Four picture book adaptations are included on the DVD with 15 awards between them. March On! is written by King’s sister, Christine King Farris, and focuses tightly upon King’s unforgettable “I Have a Dream” speech. Martin’s Big Words places the passionate defender of equal rights in the larger setting of the civil rights movement and draws more of his childhood upbringing into his adult character. Rosa shares the story of Rosa Parks, the bus incident, and the ensuing protests in a warmly personal way that children can relate to. Henry’s Freedom Box is the tremendously sad, and equally jubilant story of Henry Box Brown and his unusual escape to freedom.

Overall the Christian background of many influential figures in the civil rights movement is prominently mentioned throughout the DVD. I truly appreciated this accurate depiction of the faith and motivation for these individuals, free from secular re-writing. The shorts are also often accompanied by moving gospel singing in the background as appropriate.

Unlike some of the other installments in the Scholastic Storybook Treasures read-along DVD series, March On! consists of modern storybook adaptations, all hailing from within the last decade. Like the other DVDs in the collection, March On! includes optional English read-along subtitles which are highlighted as each word is read by the narrator.

The shorts are uniformly composed of panning across, zooming in on, layering, and moving the original illustrations work with no animation (some minor exceptions). The title short March On! also includes black and white photographs from the civil rights protests of 1963 and Martin Luther King Jr.’s speech preparations and presentations, just as Rosa shares archival photographs.

Running approximately 69 minutes in length, the DVD also features two wonderful extra features, interviews with Martin Luther King Jr.’s sister, the author of March On! and Ellen Levine, the author of Henry’s Freedom Box.

Selling for approximately $15.00, March On! The Day My Brother Martin Changed the World is an affordable choice for parents and educators. An excellent range of high-quality picture books dealing with the quest for equal rights for people of all colors is provided for the cost of a single picture book, and the production quality is excellent. This DVD can easily be used for supplemental teaching or introductions to Martin Luther King Jr. Day and Black History Month.

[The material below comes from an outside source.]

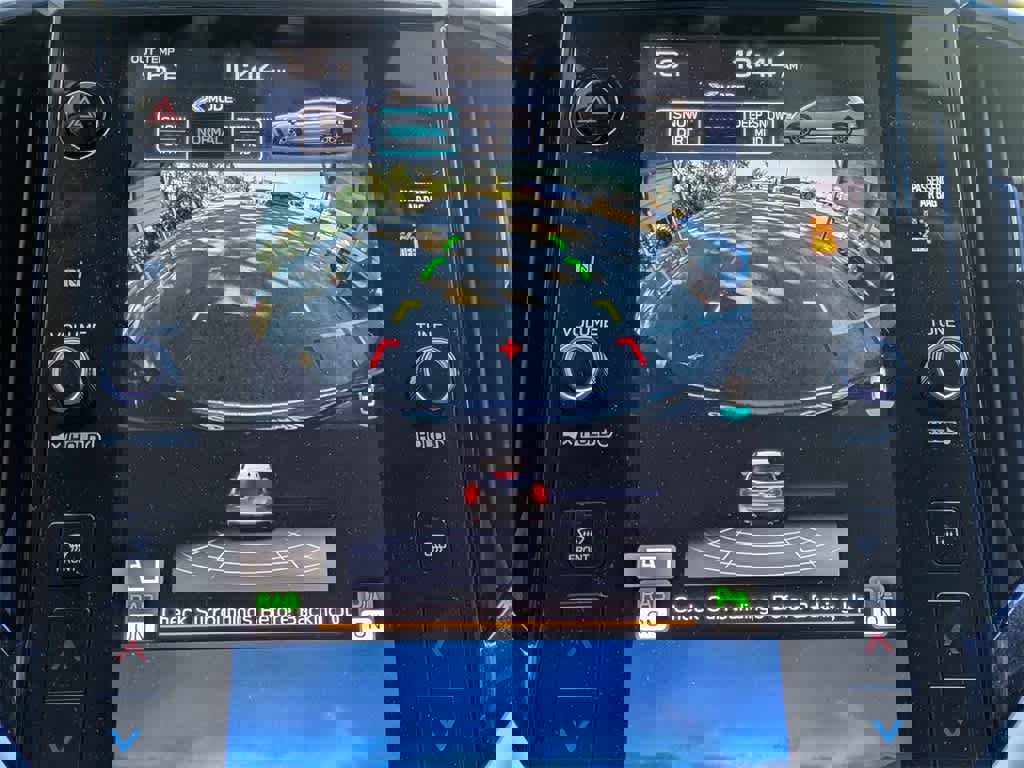 Used 2023 Subaru Ascent Touring image 30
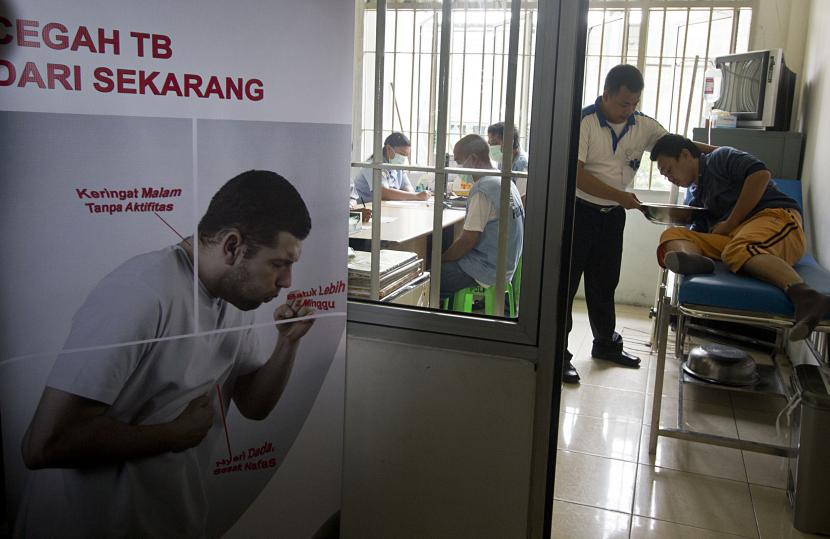 Seorang narapidana menjalani pemeriksaan pada poliklinik yang terdapat di Rumah Tahanan Cipinang, Jakarta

It is easy for our young children to take the lack of segregation and abundance of freedom in our society for granted. I doubt any of us can argue that we’ve fully arrived, but still, my young children have had a difficult time wrapping their heads around concepts such as slavery, segregation, and racial discrimination. Forays into a history not long past can ensure that we don’t forget the legacy begun by the works of courage of African Americans such as those we meet on this DVD.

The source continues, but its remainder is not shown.